**EXERCISE REQUIREMENTS**:
Report each line from the records where the string "Rent" turns up.

++++ GIVEN RECORDS ++++

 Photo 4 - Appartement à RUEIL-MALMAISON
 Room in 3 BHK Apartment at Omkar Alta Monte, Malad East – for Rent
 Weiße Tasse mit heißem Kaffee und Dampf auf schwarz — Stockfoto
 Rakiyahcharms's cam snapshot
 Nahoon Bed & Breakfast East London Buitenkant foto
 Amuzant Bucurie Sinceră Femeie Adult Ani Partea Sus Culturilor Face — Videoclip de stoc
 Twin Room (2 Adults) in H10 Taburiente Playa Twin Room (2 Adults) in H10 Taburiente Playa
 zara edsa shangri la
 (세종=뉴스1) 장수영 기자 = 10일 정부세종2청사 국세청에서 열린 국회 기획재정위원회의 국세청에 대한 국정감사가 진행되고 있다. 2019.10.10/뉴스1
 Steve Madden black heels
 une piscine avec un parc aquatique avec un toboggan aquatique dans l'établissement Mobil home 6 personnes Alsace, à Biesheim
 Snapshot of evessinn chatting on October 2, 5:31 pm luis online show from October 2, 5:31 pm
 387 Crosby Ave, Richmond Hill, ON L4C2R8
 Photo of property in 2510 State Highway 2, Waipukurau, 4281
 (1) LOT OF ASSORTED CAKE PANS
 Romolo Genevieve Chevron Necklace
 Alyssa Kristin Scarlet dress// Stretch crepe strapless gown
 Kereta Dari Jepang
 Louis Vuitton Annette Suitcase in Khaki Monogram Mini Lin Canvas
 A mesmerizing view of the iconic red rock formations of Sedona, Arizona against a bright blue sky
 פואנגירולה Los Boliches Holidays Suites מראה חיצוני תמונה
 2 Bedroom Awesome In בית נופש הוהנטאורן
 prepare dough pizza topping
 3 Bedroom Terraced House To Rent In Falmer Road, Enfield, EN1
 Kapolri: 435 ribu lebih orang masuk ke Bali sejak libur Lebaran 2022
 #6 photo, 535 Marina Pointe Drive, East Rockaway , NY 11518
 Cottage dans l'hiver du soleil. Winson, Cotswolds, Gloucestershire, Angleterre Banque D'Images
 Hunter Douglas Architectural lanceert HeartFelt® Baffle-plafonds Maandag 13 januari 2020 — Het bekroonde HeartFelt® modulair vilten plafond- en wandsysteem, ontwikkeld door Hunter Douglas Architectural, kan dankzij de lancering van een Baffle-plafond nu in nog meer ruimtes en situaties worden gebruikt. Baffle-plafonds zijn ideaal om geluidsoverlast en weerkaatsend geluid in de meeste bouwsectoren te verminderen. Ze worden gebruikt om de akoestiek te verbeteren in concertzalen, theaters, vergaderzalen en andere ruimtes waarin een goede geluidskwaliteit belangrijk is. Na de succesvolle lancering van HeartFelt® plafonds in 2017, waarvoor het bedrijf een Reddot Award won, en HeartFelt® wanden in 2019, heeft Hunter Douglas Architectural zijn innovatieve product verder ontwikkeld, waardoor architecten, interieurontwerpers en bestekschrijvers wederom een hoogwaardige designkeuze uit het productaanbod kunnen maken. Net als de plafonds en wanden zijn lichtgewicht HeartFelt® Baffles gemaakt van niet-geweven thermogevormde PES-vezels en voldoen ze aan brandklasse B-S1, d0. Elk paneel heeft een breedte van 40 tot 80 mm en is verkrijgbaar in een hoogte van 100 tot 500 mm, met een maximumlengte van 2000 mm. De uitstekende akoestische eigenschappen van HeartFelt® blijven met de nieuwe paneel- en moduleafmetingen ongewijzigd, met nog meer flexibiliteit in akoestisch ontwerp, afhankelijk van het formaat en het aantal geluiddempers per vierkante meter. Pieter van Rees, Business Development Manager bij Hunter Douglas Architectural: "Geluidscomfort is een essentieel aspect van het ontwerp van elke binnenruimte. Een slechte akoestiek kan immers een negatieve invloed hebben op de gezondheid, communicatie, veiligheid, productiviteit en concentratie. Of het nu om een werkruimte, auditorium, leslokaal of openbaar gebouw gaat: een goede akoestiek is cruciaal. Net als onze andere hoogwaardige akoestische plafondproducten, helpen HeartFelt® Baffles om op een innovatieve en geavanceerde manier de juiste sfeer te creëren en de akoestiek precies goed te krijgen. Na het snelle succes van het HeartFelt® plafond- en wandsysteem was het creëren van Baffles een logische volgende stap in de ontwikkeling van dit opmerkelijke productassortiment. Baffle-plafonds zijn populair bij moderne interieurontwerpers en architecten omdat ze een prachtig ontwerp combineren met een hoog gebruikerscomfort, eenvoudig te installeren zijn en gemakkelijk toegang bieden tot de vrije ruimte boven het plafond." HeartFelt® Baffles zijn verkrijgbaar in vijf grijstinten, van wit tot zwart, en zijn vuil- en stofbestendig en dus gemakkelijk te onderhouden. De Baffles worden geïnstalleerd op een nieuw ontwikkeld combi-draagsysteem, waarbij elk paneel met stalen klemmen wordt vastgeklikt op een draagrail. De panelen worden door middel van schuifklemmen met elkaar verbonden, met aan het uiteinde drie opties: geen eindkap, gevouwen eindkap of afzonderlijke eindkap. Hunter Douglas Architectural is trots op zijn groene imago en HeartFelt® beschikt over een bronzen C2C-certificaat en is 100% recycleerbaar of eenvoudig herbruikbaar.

++++

**WRITTEN ANSWER**:
 Room in 3 BHK Apartment at Omkar Alta Monte, Malad East – for Rent
 3 Bedroom Terraced House To Rent In Falmer Road, Enfield, EN1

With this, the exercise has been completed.